Le Lot a été choisi pour expérimenter une vaste réorganisation des services de l'Etat au niveau départemental. Ce projet pilote suit son cours, autour de trois directions générales. Premier bilan avec le préfet Georges Geoffret, juste avant qu'il ne quitte le Lot pour l'Aveyron.

Localtis.info : Pourquoi le Lot a-t-il été choisi pour mener ce projet ?

Georges Geoffret :   Fin 2004, le Premier ministre a demandé aux préfets de faire remonter à l'administration centrale des projets de réforme des services territoriaux de l'Etat. De l'ensemble des propositions retenues, la plupart portait sur la mise en oeuvre de dispositifs de mutualisation sur des domaines spécifiques : pôles de compétences, missions interservices, guichets uniques, délégations interservices... La proposition du Lot, faite en commun avec le Tarn et le Tarn-et-Garonne, était plus ambitieuse puisqu'elle envisageait d'aller vers une restructuration novatrice de l'ensemble des services de l'Etat au niveau départemental.
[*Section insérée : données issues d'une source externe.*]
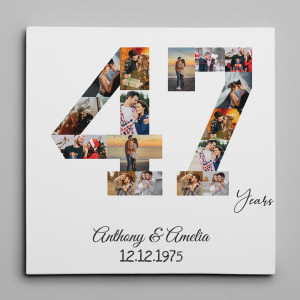 47 Years Anniversary Photo Collage Canvas Print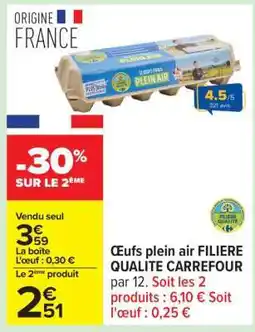 Carrefour Œufs plein air FILIÈRE QUALITÉ CARREFOUR offre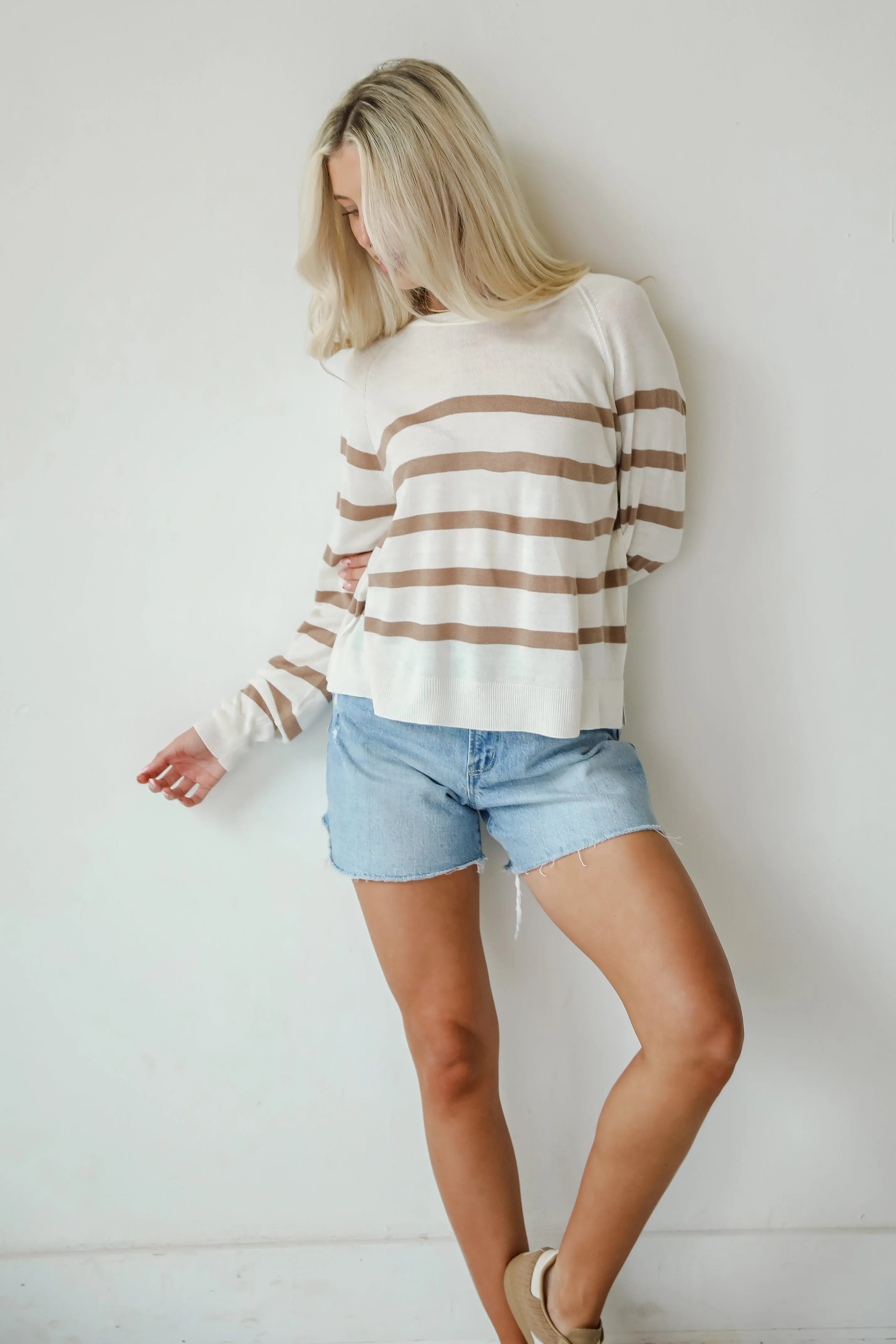 Elevated Staple Cream Striped Lightweight Knit Top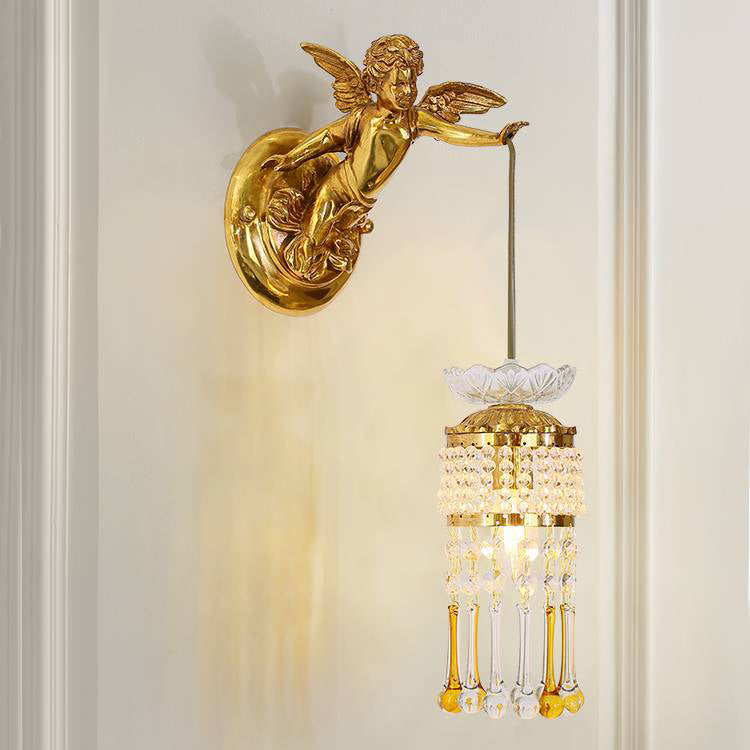 Traditional French Angel Flower Copper Glass 1-Light Wall Sconce Lamp For Hallway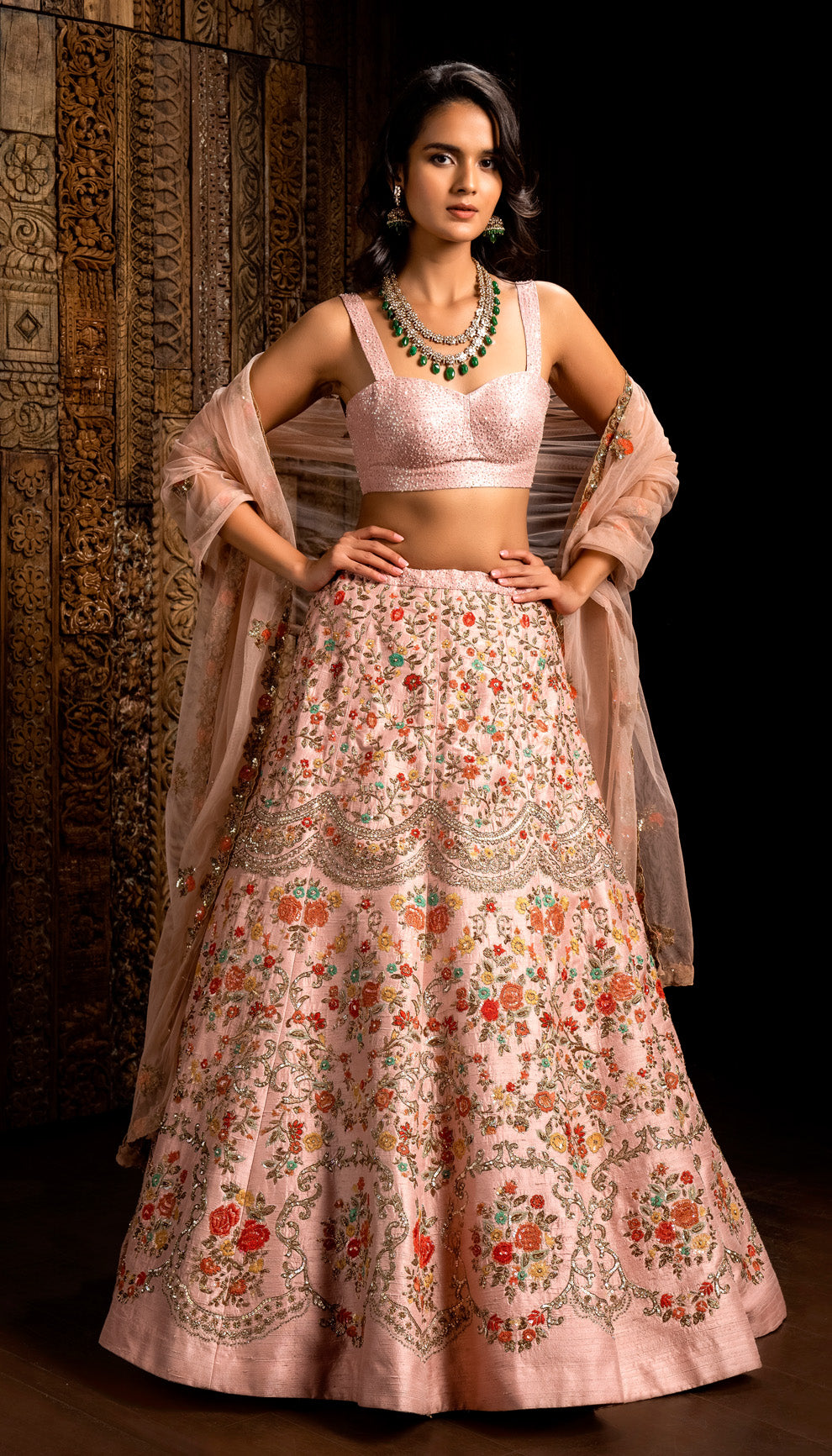 Blush Pink Raw Silk Lehenga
Le Lot a donc été choisi pour construire cette expérimentation. Avec ses administrations et des acteurs locaux très impliqués, ainsi qu'un contexte socio-économique stable, le Lot était le terrain idéal pour mettre en place une réforme de cette envergure.

Quels sont les objectifs du projet ?

Les grandes réformes de la décentralisation ont amené au renforcement de la responsabilisation des pouvoirs publics locaux et à un changement de l'action de l'Etat à l'échelon déconcentré. Notamment parce que l'Etat a transféré sa capacité d'intervention directe, son action est moins lisible et son rôle est perçu, à tort, comme un simple financeur des actions décentralisées. Par ailleurs, la segmentation des administrations a conduit à la superposition des tâches et à la dispersion de moyens dans des domaines analogues, ainsi qu'à une multiplication de métiers communs exercés par des fonctionnaires aux statuts les plus différents. Dans un tel contexte, une restructuration globale des services de l'Etat dans le département était nécessaire puisque les citoyens, ainsi que les élus, attendent beaucoup de l'Etat. L'objectif de cette réforme est donc de rendre l'Etat plus performant. Pour cela, l'Etat départemental doit rationaliser son organisation, promouvoir un gain en productivité, accroître son efficacité et renforcer son unité, sa cohérence et sa lisibilité vis-à-vis des citoyens.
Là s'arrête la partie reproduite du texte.